# 9 FT surf casting rod suggestion.



## edjr (Jul 26, 2011)

I already own a 10 ft FTU surf rod and love it but want to try a 9 Ft surf rod that I think would be more manageable on Piers/Jetties. The rod will be paired with an Abu Garcia 7000Ci3 and I will be targeting Reds, Black Drum, & medium sized sharks in the surf. I want some suggestions please, preferably places where I can go try out the rod before I buy it. Ordering online is not an option because I'm doing a last minute Padre trip. Thanks.


----------



## edjr (Jul 26, 2011)

27 views, I know ONE of you has to have a suggestion.....


----------



## SurfRunner (May 22, 2004)

I personally do not know anyone hat sells 9 foot surf rods off the shelf. If you can wait to have one made, ftu sells a good 9 foot blank perfect for that kind of fishing. I fish with 9 foot calstars and love them, but they are kind of on the heavy side.


----------



## histprof (Oct 30, 2011)

For inexpensive off the shelf option: Okuma makes a 9' casting rod in their Longitude series. I have one and have caught a couple of slot reds on it.
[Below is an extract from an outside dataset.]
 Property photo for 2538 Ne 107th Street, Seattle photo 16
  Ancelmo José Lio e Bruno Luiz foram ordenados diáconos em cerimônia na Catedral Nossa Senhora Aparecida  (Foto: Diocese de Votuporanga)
Academy sells them, but good luck with finding one in stock. The 290 store is out.

For a longer term solution, get Surfrunner to build you a rod on a 9' blank. He wraps a hell of a rod. (Mine will be ready any day now!)


----------



## troutless (Feb 17, 2006)

Some one posted on one of the boards that they had two FTU 2piece 9' black rods for a round $60:00. You might want contact them. and I'm interested also if they still have them for around that price. I also have a 10' FTU surf rod and I'm happy with them.


----------



## goodwood (Mar 30, 2009)

I guess ftu doesnt make their 9 ft surf rod anymore? Just sold mine. Yes easier to fling around. Not as much distance or power but i guess it really doesnt matter too much if youre going after drums and small sharks.


----------



## SurfRunner (May 22, 2004)

goodwood said:


> I guess ftu doesnt make their 9 ft surf rod anymore? Just sold mine. Yes easier to fling around. Not as much distance or power but i guess it really doesnt matter too much if youre going after drums and small sharks.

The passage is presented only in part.